“The story of five families of political prisoners across Russia through time” is how Olga Kravets’ directing debut It’s Getting Dark introduces itself. But, the film is really about absence. The title suggests completeness, but it is rather the lacking that the film addresses. It draws a line from the past to the present, which exactly conveys the feeling of absence.
Karik Krause’s parents Vera Berseneva and Friedrich Krause, in addition to Taisia Osipova, Ruslan Kutayev, Gennady Kravtsov and Svetlana Davydova are all Russian political prisoners or detainees; the first two of the 1950s USSR and the other three of 21st century Russia. Osipova is active in the opposition party Other Russia, as is her husband; Kutayev organised an ‘illegal’ conference on war deportations in Chechenya during the Sochi Olympics; Kravtsov applied for a job in Sweden; and Davydova phoned the Ukrainian Embassy. This is, apparently, all takes.

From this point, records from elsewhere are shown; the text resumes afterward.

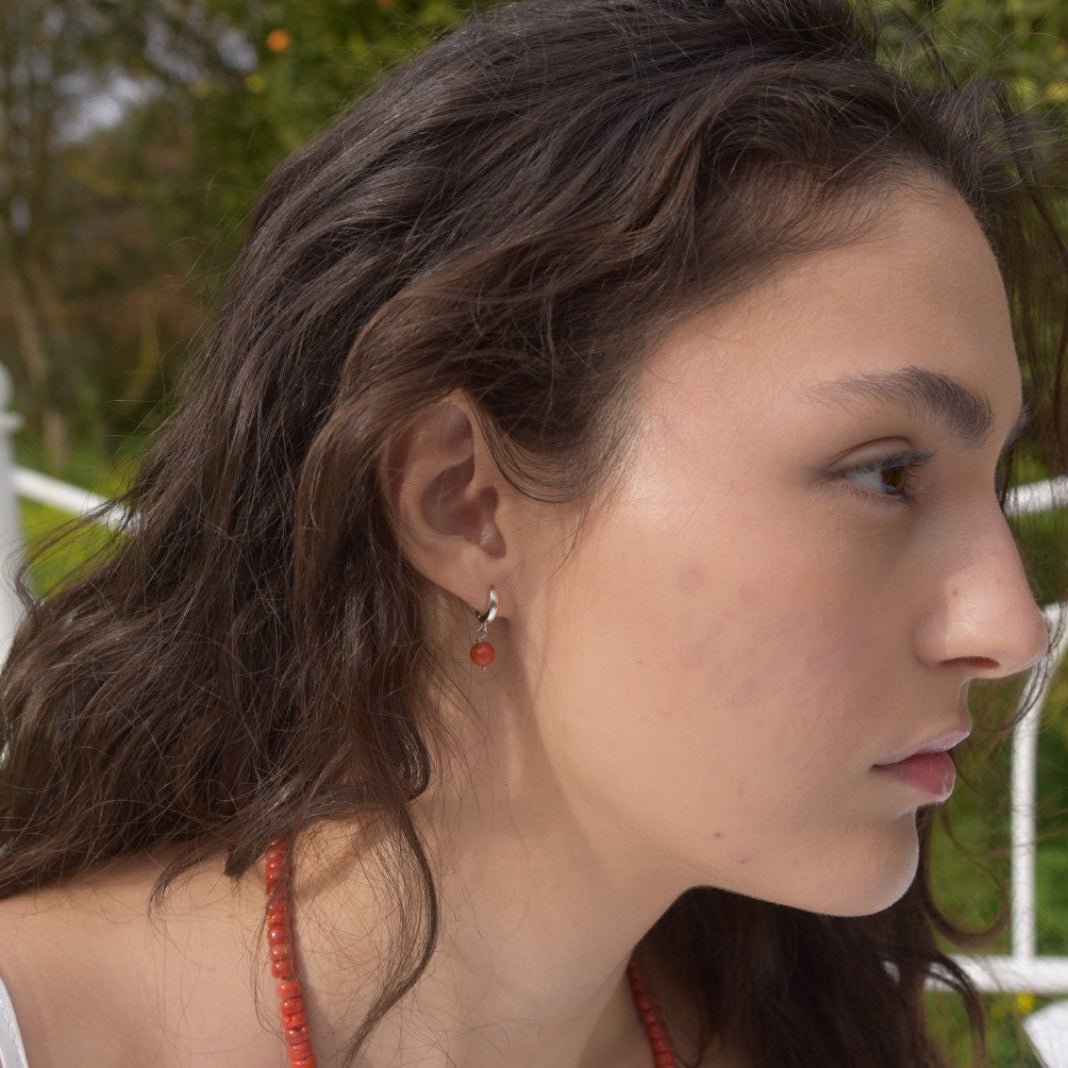 orecchini-corallo-cerchio-chiuso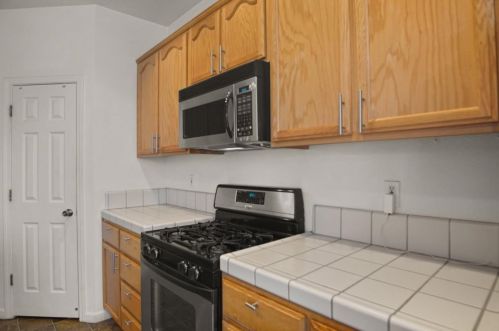 5812 Homewood Way, Riverbank CA  95367-9550 exterior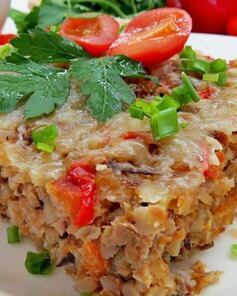 Запеканка из гречки с фаршем, грибами и сыром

However, it is not their cases that the film explores or unravels. In fact, we are afforded very limited information about the cases, charges, or court sessions, although the film does catch some information through observed conversations of family members, and presents a few public responses in the press. Contact with foreign authorities and political opposition activities and involvement form some of the reasons for the arrests, though the (false) charges seem more often to involve drugs. The film focuses on the effects of the sentences and the detainment, on the consequences rather than the causes. And these consequences are the absences. Without comments or interviews, It’s Getting Dark shows us family lives interrupted. In the case of Davydova, for instance, we see how her husband trying to run the household while also defending his wife’s case via the phone to the media.